For the "jet holes", I start at 3,6,9, 12 oclock position, poking holes, then split that up until it has 12 or 16 holes.
DONE.
for first lighting, I was timid, not using enough alcohol. Pour in about 3 tablespoons of alco.
put penny on top to cover filling hole, add another tablespoon of alco on top. 
Light, after initial flareup, i usually hold my lighter against the side of can to increase the pressure building.
Pretty simple, VERY FUN. Im a pyro. I have an added one to my gear, and have one in the truck. I carry the alco in "shooter" bottles, that way noone mistakes it for water or anything.


----------



## Deebo (Oct 27, 2012)




----------



## MikeyPrepper (Nov 29, 2012)

Love the stove idea


----------



## Titan6 (May 19, 2013)

Wow Nice... Thanks For the information and post..


----------



## Sinkhole (Nov 17, 2012)

Gives me a reason to buy canned beer for once instead of bottles. :roll:

Has anyone tried some sort of wicking material inside like cotton balls or something? I wonder how that would effect the burn rate?
Speaking of, how long does that baby burn?


----------



## wesley762 (Oct 23, 2012)

Sinkhole said:


> Gives me a reason to buy canned beer for once instead of bottles. :roll:
> 
> Has anyone tried some sort of wicking material inside like cotton balls or something? I wonder how that would effect the burn rate?
> Speaking of, how long does that baby burn?

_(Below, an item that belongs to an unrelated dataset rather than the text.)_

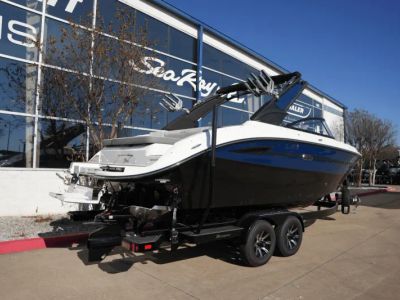 2025 Sea Ray ECT 6.2L MPI DTS BR4 - Photo 3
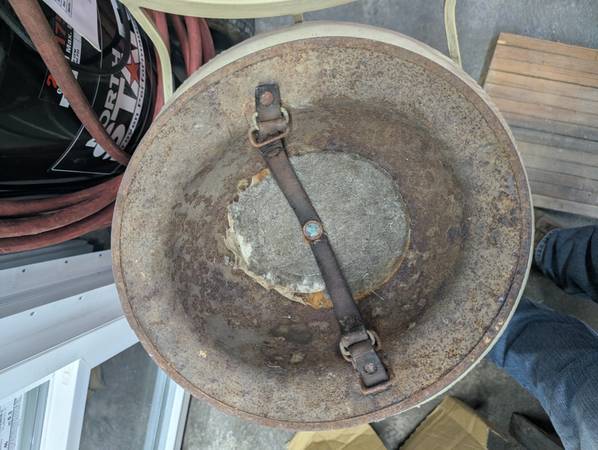 Old WW1 M1917 "Doughboy" (Brodie-style) military helmet 1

I made a few of these last year, I did not add any cotton or anything but they burned for about 12 to 15 minutes on average.


----------



## jesstheshow (Nov 18, 2013)

add petroleum jelly to cotton


----------



## Deebo (Oct 27, 2012)

haven't tried anything but Denatured alcohol. It creates a pressure inside the can, wich makes it sound like propane stove. I haven't timed a burn cycle yet, but I promise, it puts out some serious heat. 
Another "trick" i liked was to put some "wooden skewers", which looked like dowell rods to me, in your storage bottles of alcohol, they are like small super fire starters.
Bieng a certifed PYRO, i also have some "hobo candles", and tea light candles, along with steel wool, ducttape, and superglue.


----------



## PaulS (Mar 11, 2013)

Deebo, with just a couple more ingredients you have the makings of some real mayhem.


----------



## Deebo (Oct 27, 2012)

Mr Paul, I have a very troubled background.


----------



## PaulS (Mar 11, 2013)

Glad to hear that it is in your background....


----------



## Deebo (Oct 27, 2012)

Bumping


----------



## BagLady (Feb 3, 2014)

That's a good idea. I suppose you can put a can of chili or soup on top?


----------



## Deebo (Oct 27, 2012)

Yes ma'am, I have little surrounds, that cans sit on, and keep the wind down. 
Don't think I forgot about you Lady


----------



## jimb1972 (Nov 12, 2012)

They work real good for heating up water, but heating cans of food is tricky because they get so hot. Maybe with a big can to hold water and put the smaller can in like a double boiler.


----------



## SecretPrepper (Mar 25, 2014)

Sinkhole said:


> Gives me a reason to buy canned beer for once instead of bottles. :roll:
> 
> Has anyone tried some sort of wicking material inside like cotton balls or something? I wonder how that would effect the burn rate?
> Speaking of, how long does that baby burn?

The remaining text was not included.